When faced with rejection, view it as an opportunity for you to implement innovative approaches, not a source of discouragement. The first step is to eliminate the fear of failure. Coach Wooden had two key ideas on this topic:
"The people who don’t make mistakes are the people who don't do anything."
"All change may not be progress, but all progress is the result of change."
Coach described the importance of trying different approaches this way:
"Realizing that the road to their achievement could be difficult and certain adversity may force you to change the method of attack, you may have to go around, under, over, backup and look the situation over. Try a different method. But you must not quit."
In his book, "Rejection Proof", ( ), Jia Jung talks about responding to rejection with innovation:
"Blinded by their own expectations and emotions, rejectees often fail to take advantage of the feedback given by a rejector.
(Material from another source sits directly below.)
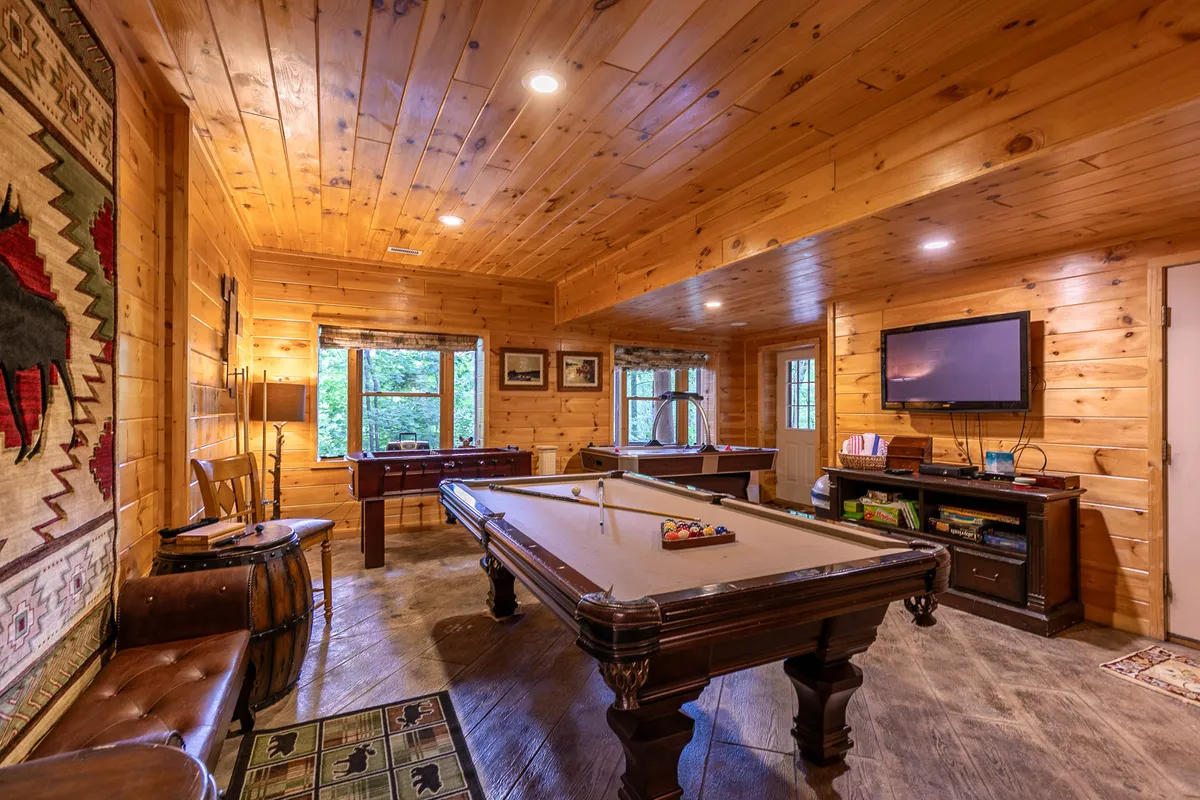 The image features a vibrant game room with a pool table as the centerpiece, surrounded by wooden walls and large windows that let in natural light. The space includes a cozy rug and a TV, creating a relaxed environment ideal for family game nights, casual competitions, and unwinding after outdoor adventures.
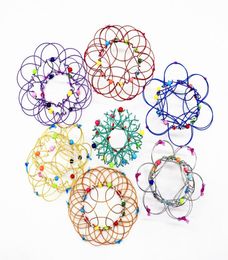Meerdere veranderingen Mandala Bloemenmand Magic Flow Ring Fidget-speelgoed Handgemaakt Gekleurde ijzeren lussen Draad Anti-stress Vingerplezier Gam9510820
The key is to withdraw yourself from the emotion as much as you can and approach your next request more like a bold, creative experiment.
For example, in a job search, if you applied one hundred times with the same résumé and were rejected for an interview each time, instead of seeing the rejections as a sign that you are not qualified for the job and should lower your expectations, you could improve your résumé, write a new cover letter, or use other channels such as networking to try again and see if there is any change in the percentage of callbacks."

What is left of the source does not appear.